Repeat the data exactly. Pictures are not part of the copy.

Dataset section:
##########

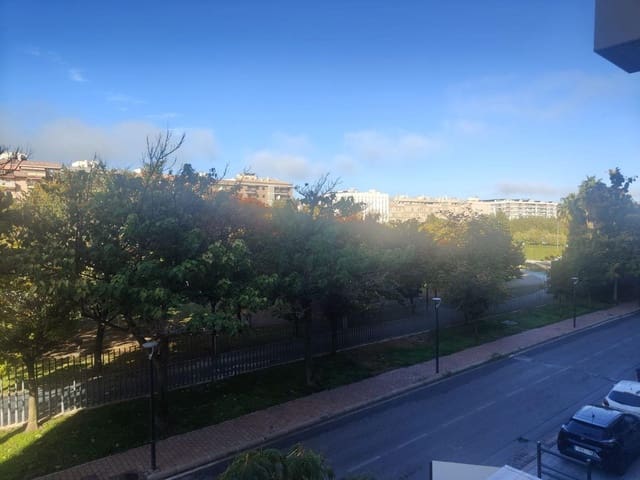 Piso de 3 habitaciones en Jaén ciudad en venta - 310.000 € (Ref: 9513578)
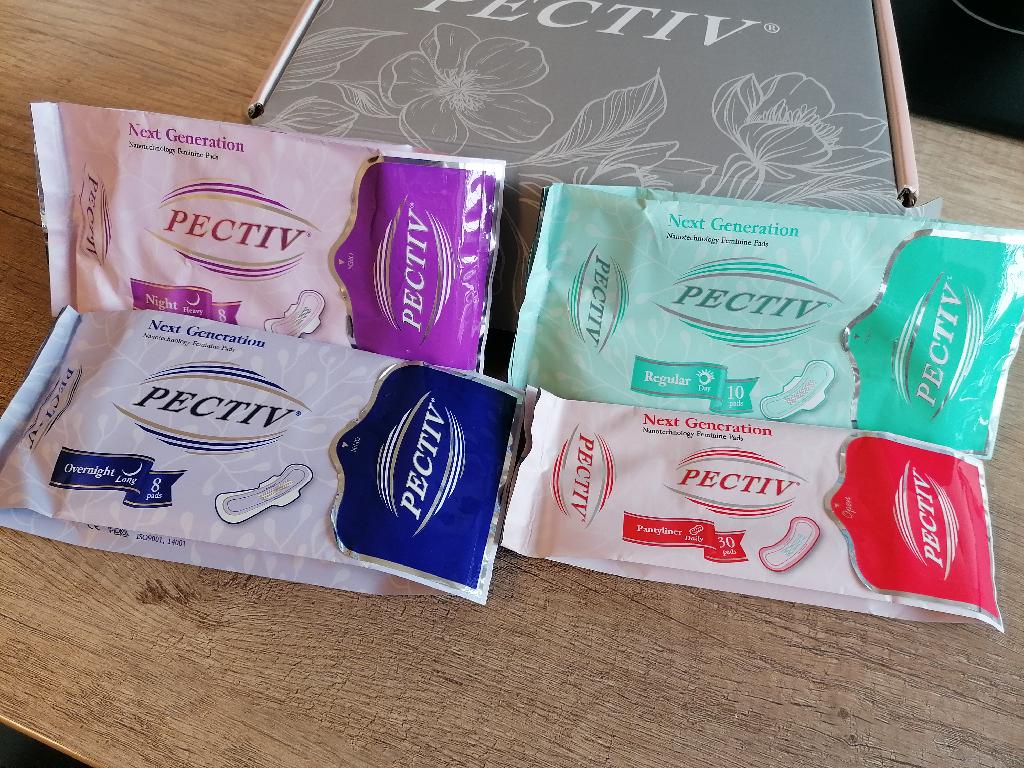 Tovar predstavuje dámska hygienická vložka. Veľkosť vložky: dĺžka 15-32 cm, šírka 6-8 cm, základ tvorí biela farba. Vložky sú balené vo farebných plastových obaloch, po kusoch. Sú vyrobené nanotechnológiou za účelom ochrany a absorpcie. Tovar je vyrobený zo vzdušného, superabsorpčného papierového materiálu, obsahuje nanostriebro a dynamické anióny, ktoré chránia pred baktériami a odstraňujú nepríjemný zápach.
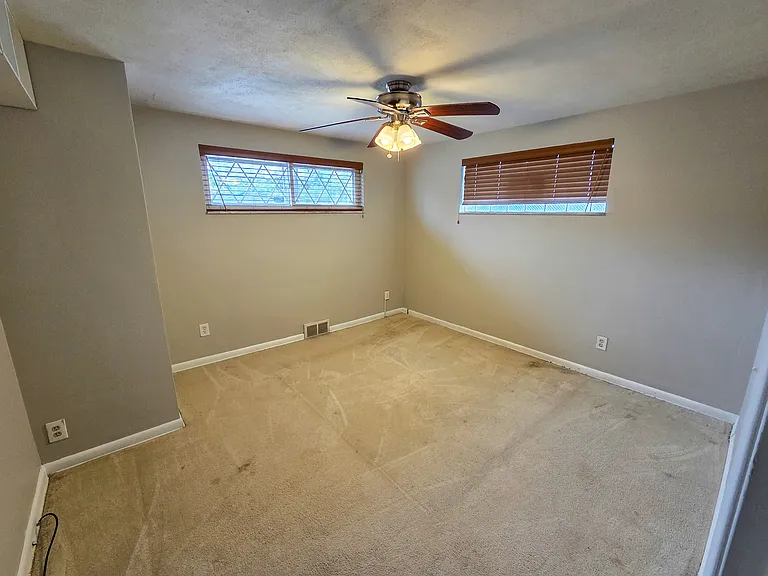 151 Mahoning Dr — Photo 17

##########

Response to this exercise:
 Piso de 3 habitaciones en Jaén ciudad en venta - 310.000 € (Ref: 9513578)
 Tovar predstavuje dámska hygienická vložka. Veľkosť vložky: dĺžka 15-32 cm, šírka 6-8 cm, základ tvorí biela farba. Vložky sú balené vo farebných plastových obaloch, po kusoch. Sú vyrobené nanotechnológiou za účelom ochrany a absorpcie. Tovar je vyrobený zo vzdušného, superabsorpčného papierového materiálu, obsahuje nanostriebro a dynamické anióny, ktoré chránia pred baktériami a odstraňujú nepríjemný zápach.
 151 Mahoning Dr — Photo 17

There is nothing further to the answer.